** Opening TASK MATERIAL block **

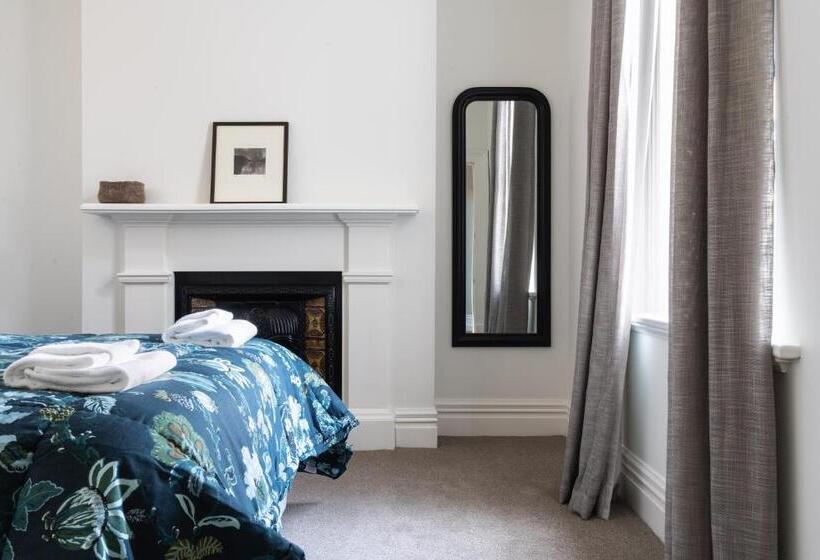 Star Struck On Stuart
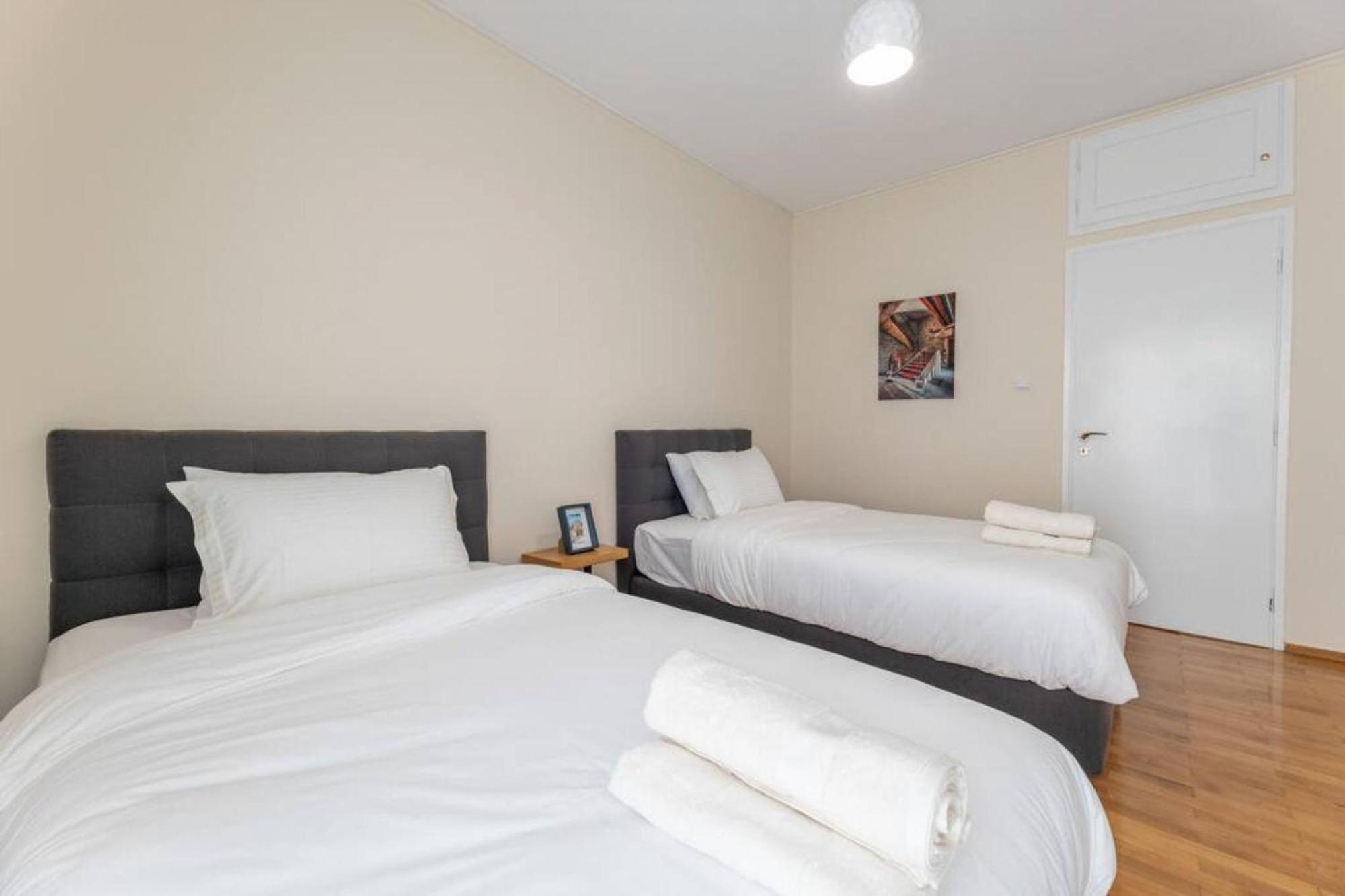 Amfitritis Family Lux Apartment At Palaio Faliro Атина Екстериор снимка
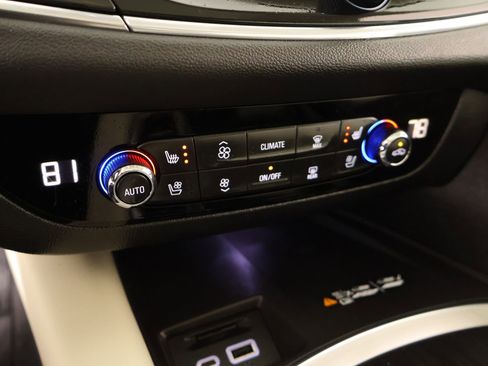 Used 2022 Buick Enclave Premium w/ Experience Buick Package image 8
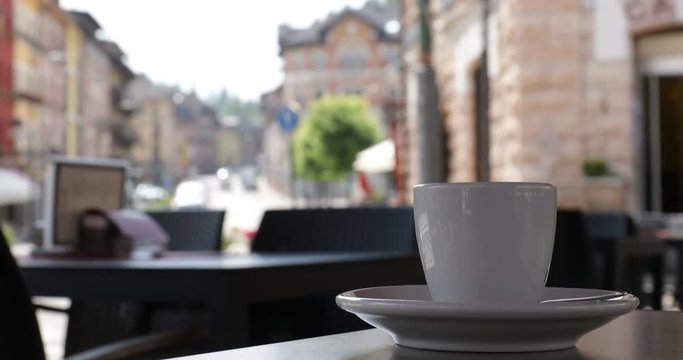Tazzina di caff&egrave; sul tavolo del bar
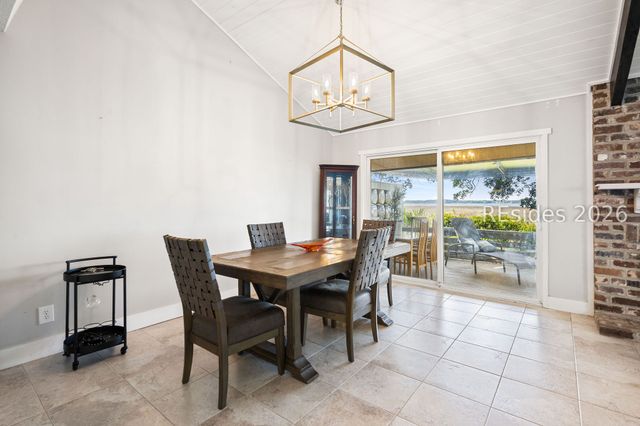 2 William Hilton Pkwy Apt 301, Hilton Head Island, SC 29926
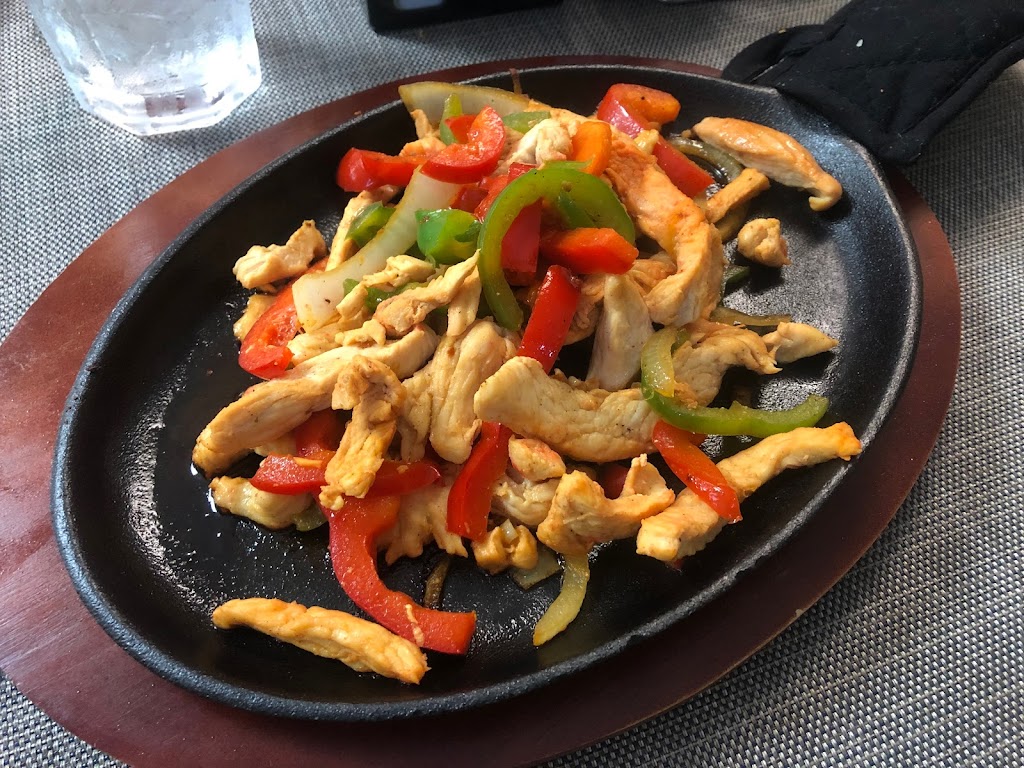 Gun Lake Cocina | restaurant | 11114 Gun Lake Rd, Middleville, MI 49333, USA | 2692052142 OR +1 269-205-2142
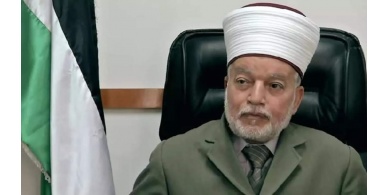المفتي العام يقدم استقالته من عضوية "مجلس أمناء منتدى تعزيز السلم" في أبو ظبي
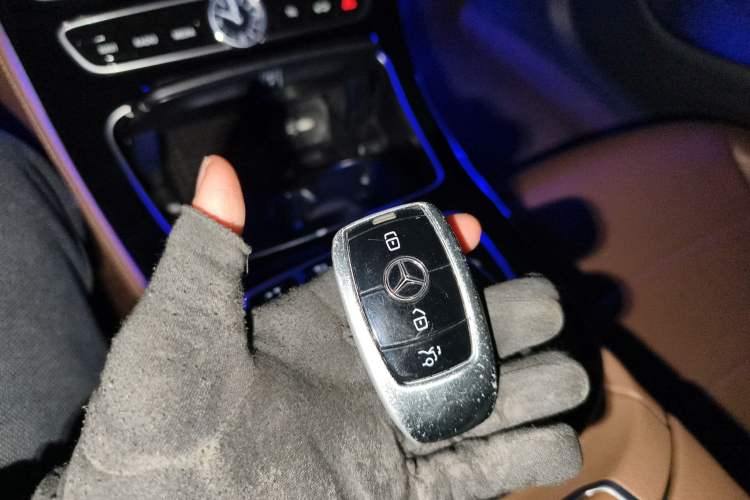 Used Mercedes-Benz E-Class 2017 E 300 L Sporty and Stylish Model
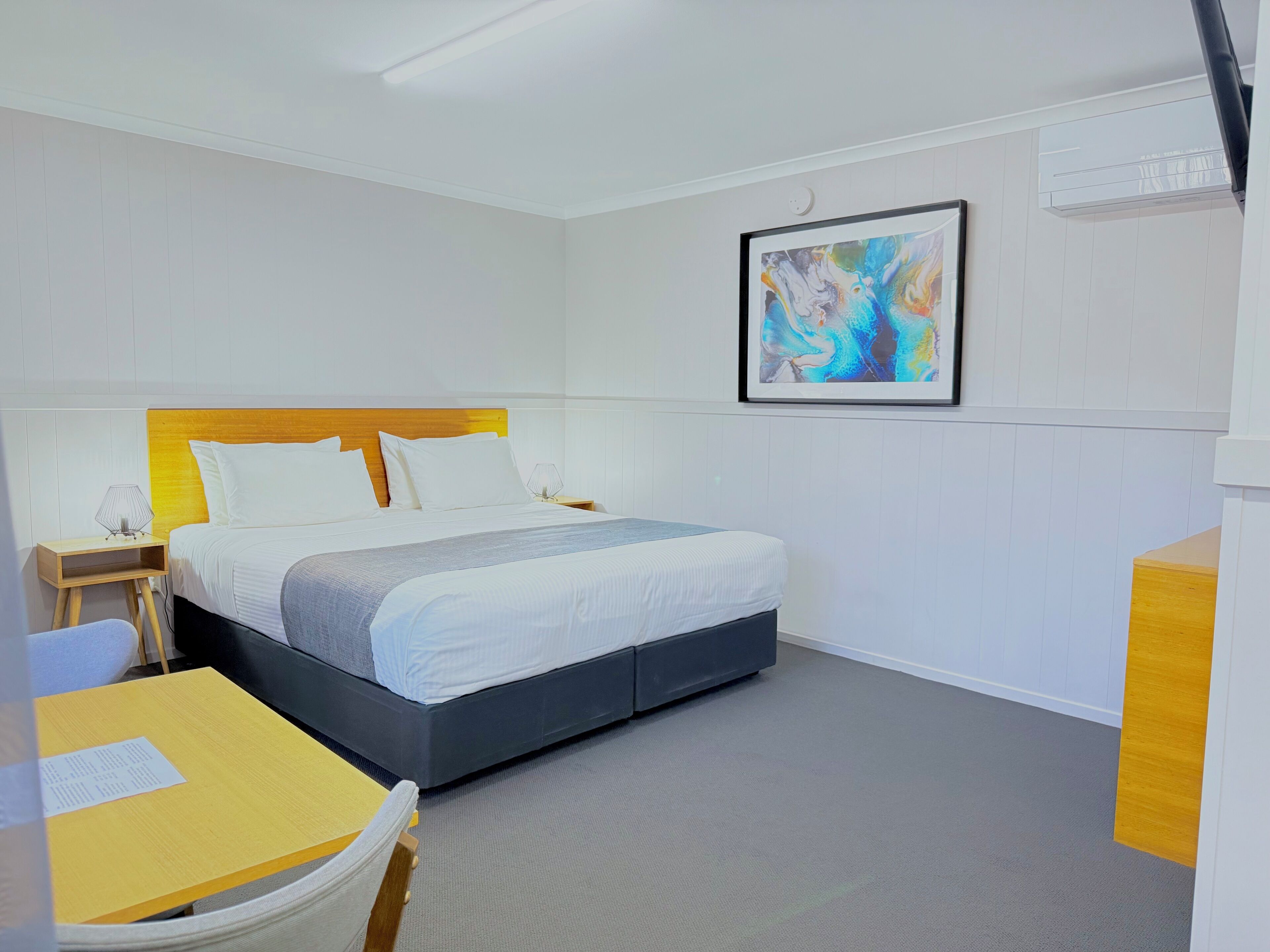 superior room, 1 king bed, non smoking, garden view | premium bedding, down duvets, minibar, in-room safe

** Closing TASK MATERIAL block **

BRIEF:
Please print each entry exactly as given and keep pictures out of it.

EXERCISE RESPONSE:
 Star Struck On Stuart
 Amfitritis Family Lux Apartment At Palaio Faliro Атина Екстериор снимка
 Used 2022 Buick Enclave Premium w/ Experience Buick Package image 8
Tazzina di caff&egrave; sul tavolo del bar
 2 William Hilton Pkwy Apt 301, Hilton Head Island, SC 29926
 Gun Lake Cocina | restaurant | 11114 Gun Lake Rd, Middleville, MI 49333, USA | 2692052142 OR +1 269-205-2142
المفتي العام يقدم استقالته من عضوية "مجلس أمناء منتدى تعزيز السلم" في أبو ظبي
 Used Mercedes-Benz E-Class 2017 E 300 L Sporty and Stylish Model
 superior room, 1 king bed, non smoking, garden view | premium bedding, down duvets, minibar, in-room safe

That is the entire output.